Though Birthright is a non-denominational entity, much of the volunteer and donor base is Catholic. What motivates the eight volunteers who man the office at 2025 W. Oklahoma Ave., sort baby clothes or take home calls on the 24-hour helpline, is a belief in the sanctity of life.
“They want to do something for these mothers, so that they are aware that there is help and hope — and they don’t have to despair and resort to abortion,” said Fecteau.
Volunteers undergo training and are briefed in a large number of resources that the group can offer expectant parents.
“We love the person and accept them where they’re at, and then we offer them alternatives to abortion,” said Iverson. “That’s what we’ve tried to do through the years. We have a lot of resources — legal, physicians, social work. We’re able to connect them with the Milwaukee Health Department, who provides a pack ’n play for anybody in the city who needs one, due to the infant mortality rate. A lot of people might call and say, ‘I’m out of formula until I get paid on Monday,’ and I can refer them to places in the community that will provide them with formula.”

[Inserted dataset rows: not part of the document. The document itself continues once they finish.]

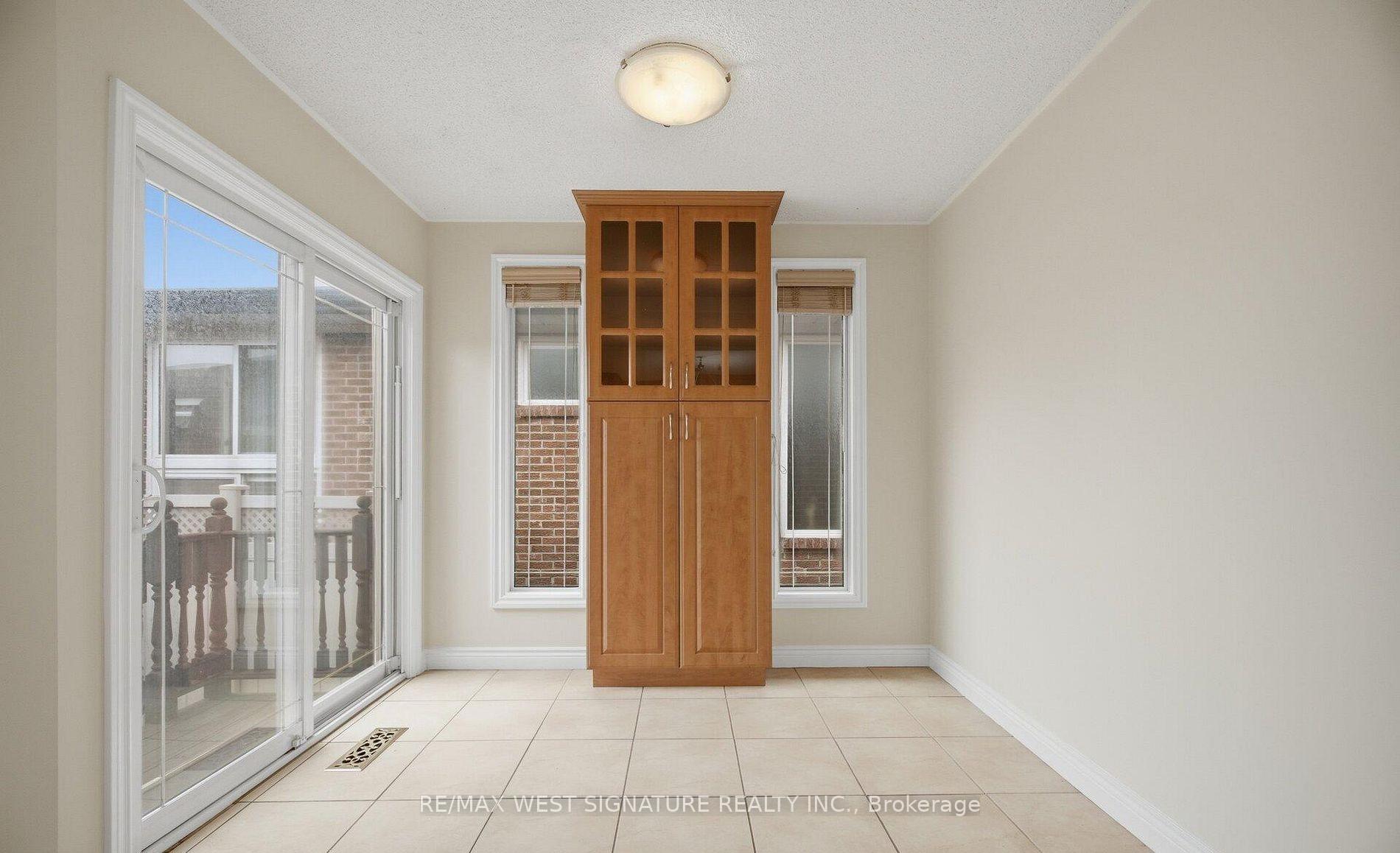 Photo 8 of 36 Windsor Road, Etobicoke, Kingsview Village-The Westway — HOMEH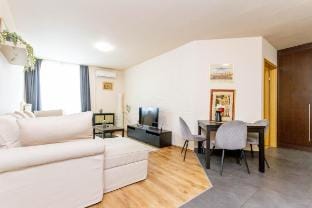 Modern Comfort in József Street with Parking by NW Vacation rental in Budapest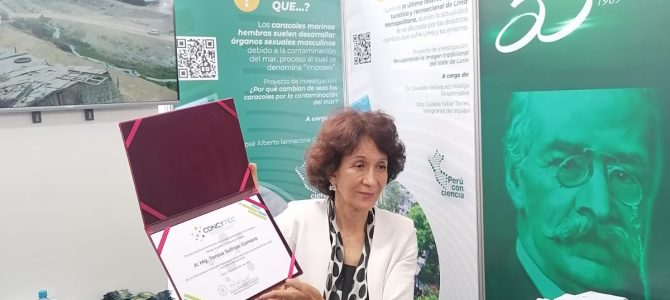 CONCYTEC reconoce a Teresa Salinas como Promotora de la Divulgación Científica en el Perú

Other services that Birthright provides include free pregnancy testing, baby supplies, referrals for food pantries and “daddy packs” that offer resources for fathers. Clients can come in for clothing every three months of their child’s life (up to size 4T), and children are encouraged to take a book home with them from office visits to promote literacy.

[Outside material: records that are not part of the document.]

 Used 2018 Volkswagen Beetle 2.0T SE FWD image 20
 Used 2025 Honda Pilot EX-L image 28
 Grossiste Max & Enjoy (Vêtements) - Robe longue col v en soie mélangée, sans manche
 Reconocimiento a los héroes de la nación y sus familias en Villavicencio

“With the books, we give information about all the local libraries, their addresses and phone numbers, as well as low-cost bookstores,” said Iverson. “Mothers are so appreciative of that.”
But, more than anything, Iverson said, Birthright volunteers are there to show compassion.
“We listen — that’s very important,” she said. “Oftentimes people think abortion is their only option. Because of the anxiety and stress that they find themselves in with an unplanned pregnancy, they see that as the only way out. We just let them talk it out.”
Volunteers can give as much or as little time as they are able to offer, said Fecteau. She herself became involved in the organization in 1999 because of an ad she saw that said volunteers could give as little as four hours every month.
“I thought, well, that’s all they’re asking for — I could do that,” she remembered. She became Birthright’s executive director in 2015 and is the only paid staff member in the otherwise volunteer-run organization.
The group is, of course, always looking for more passionate people to give of their time to the mothers of Milwaukee who feel trapped by their pregnancies. Fecteau said that even high schoolers would be welcome to come in and assist with light office work or sorting inventory.
“If they are pro-life and want to help, this is the way,” said Iverson. “Protesting abortion is important, but I always felt that that wasn’t enough — it’s like saying, we only care about you until the baby’s born and we don’t care about you after. We ask them to bring their babies in after they’re born. Some of our volunteers have followed our clients for years. We’ve got women (who are pregnant) coming to us whose mothers we helped during their pregnancies. That’s very, very rewarding.”